I'm studying about Newton's method and I get the single dimension case perfectly, but the multidimensional version makes me ask question…
In Wikipedia Newton's method in higher dimensions is defined as:
$$\textbf{x}_{n+1} = \textbf{x}_n – [Hf(\textbf{x}_n)]^{-1}\nabla f(\textbf{x}_n), \;\;\; n \geq 0.$$
Where $\textbf{x}_n$ is the $p$-dimensional vector at $n$th iteration, $[Hf(\textbf{x}_n)]^{-1}$ is the inverse of the Hessian matrix of the function $f(\textbf{x})$ at $\textbf{x}_n$ and $\nabla f(\textbf{x}_n)$ is the gradient of the function $f(\textbf{x})$ at $\textbf{x}_n$. That is:
$$\left( \begin{array}{c}
x_1^{(n+1)} \\
x_2^{(n+1)} \\
\vdots \\
x_p^{(n+1)} \end{array} \right) = \left( \begin{array}{c}
x_1^{(n)} \\
x_2^{(n)} \\
\vdots \\
x_p^{(n)} \end{array} \right) – \left( \begin{array}{cccc}
\frac{\partial^2f}{\partial x_1^2}(\textbf{x}_n) & \dots & \dots &\frac{\partial^2f}{\partial x_p\partial x_1}(\textbf{x}_n)\\
\frac{\partial^2f}{\partial x_1\partial x_2}(\textbf{x}_n) & \ddots & \vdots & \vdots\\
\vdots & \vdots & \vdots & \vdots\\
\frac{\partial^2f}{\partial x_1\partial x_p}(\textbf{x}_n) & \dots & \dots & \frac{\partial^2f}{\partial x_p^2}(\textbf{x}_n) \end{array} \right)^{-1}\left( \begin{array}{c}
\frac{\partial f}{\partial x_1}(\textbf{x}_n) \\
\frac{\partial f}{\partial x_2}(\textbf{x}_n) \\
\vdots \\
\frac{\partial f}{\partial x_p}(\textbf{x}_n) \end{array} \right)$$
Now my question is: "What is the intuition behind this formula?" This resembles somehow the gradient descent algorithm, but the inverse of the Hessian is like it came from the magician's hat :S Can somebody give me a similar kind of proof as is given here on the one-dimensional case:
Why does Newton's method work?
Why the Hessian? Why its inverse?! 🙂 Intuition of the formula?
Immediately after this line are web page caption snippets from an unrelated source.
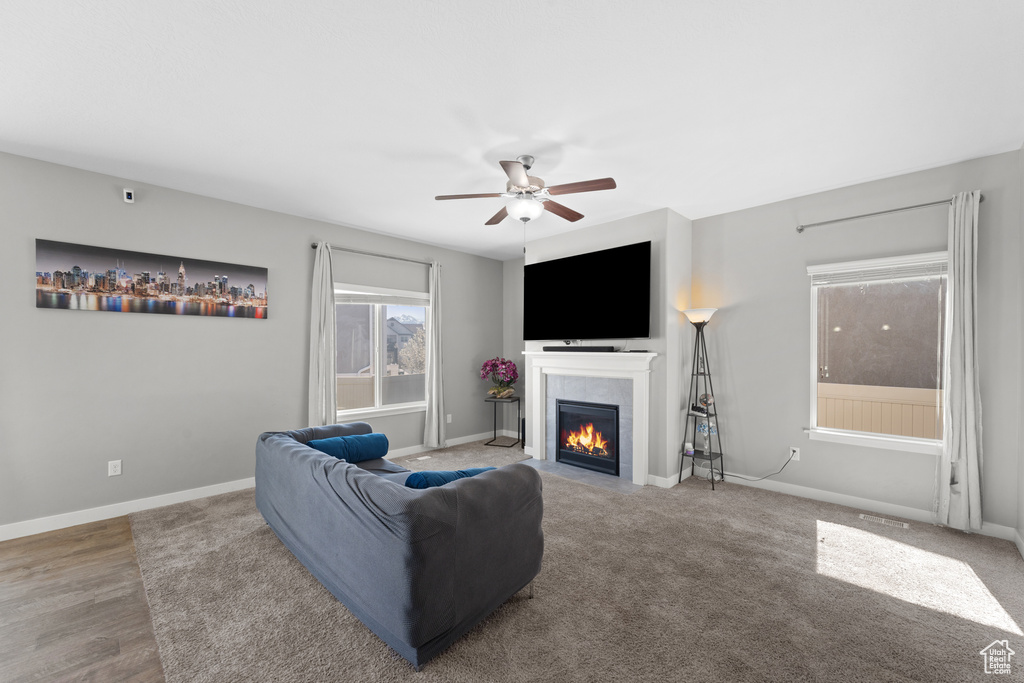Living area with a tiled fireplace, baseboards, and ceiling fan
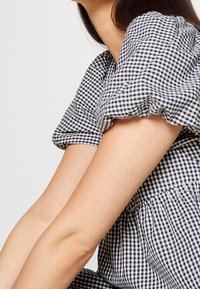 Jurk met pofmouwen in zwart-wit geruit patroon, met een geplooide halslijn en zachte textuur. Toont armen die tegen de stof rusten.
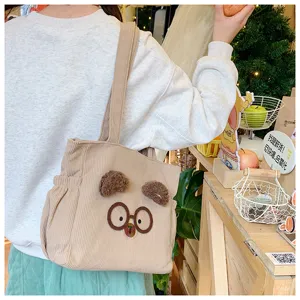 Cute corduroy lunch bag with cartoon bear ears and glasses, stylish daily tote for women.
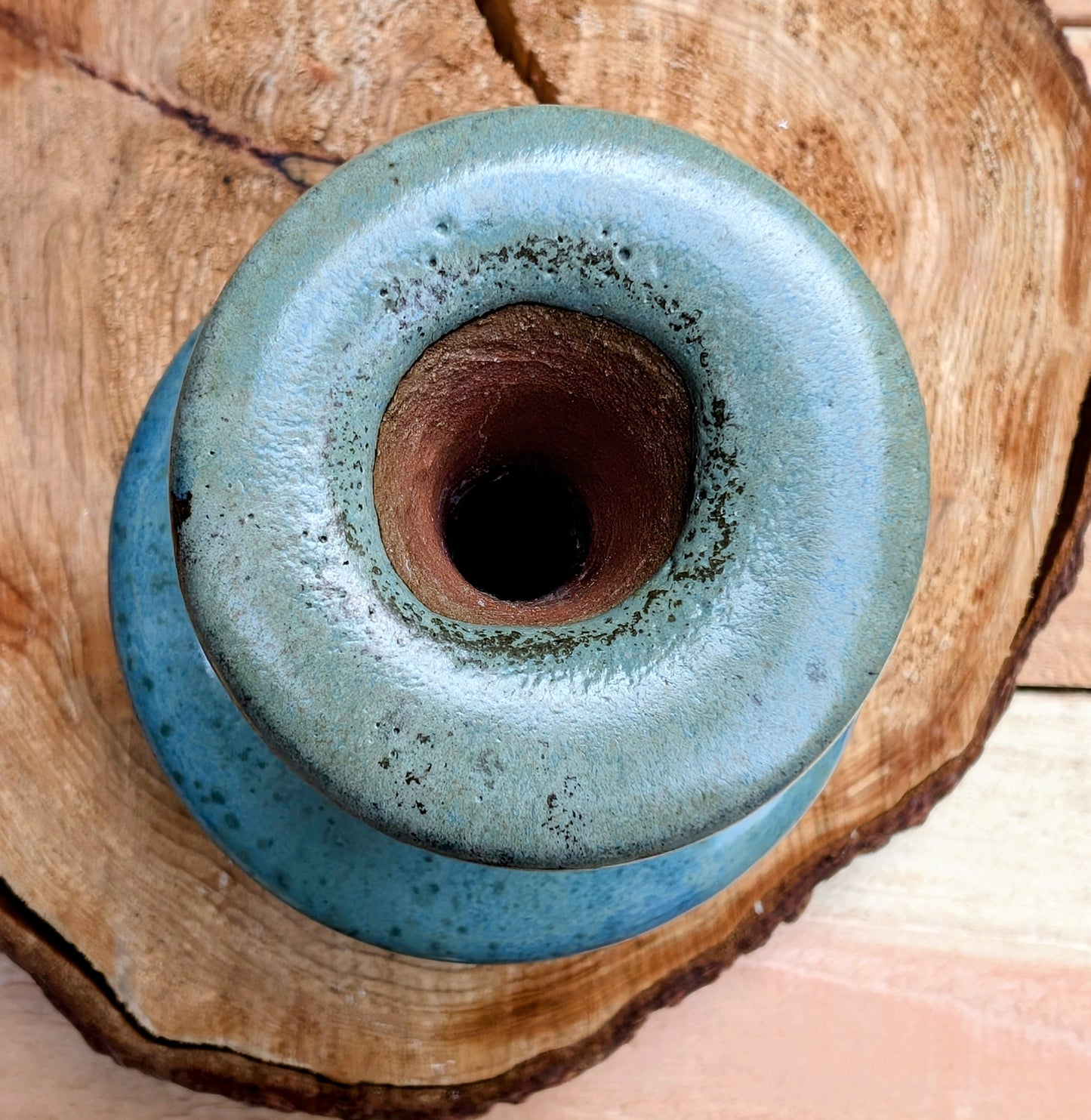 A beautifully hand-thrown studio pottery bud vase featuring a rich blue-green glaze over warm stoneware clay. Its timeless organic form makes it perfect for displaying a single bloom, dried botanicals, or as a sculptural accent in any room.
Thank you for any help 🙂 P.S. I here is the page I got the formula above:
http://en.wikipedia.org/wiki/Newton%27s_method_in_optimization#Higher_dimensions
Note also that in my notation the topscript in the $x_i$s doesn't mean exponent, it's just an iteration label…
Best Answer
I'll assume we're trying to minimize a twice continuously differentiable function $f$ defined on $\mathbb R^p$.
We wish to find $x$ such that $\nabla f(x) = 0$.
Given $x_n$, we would ideally like to find $\Delta x$ such that $\nabla f(x_n + \Delta x) = 0$. Rather than satisfying this requirement exactly (which would probably be too difficult), we instead use the approximation \begin{equation*} \nabla f(x_n + \Delta x) \approx \nabla f(x_n) + Hf(x_n) \Delta x. \end{equation*} Setting the right hand side equal to $0$ gives us \begin{equation*} \Delta x = -Hf(x_n)^{-1} \nabla f(x_n). \end{equation*} We can hope that $x_{n+1} = x_n + \Delta x$ will be an improvement on $x_n$.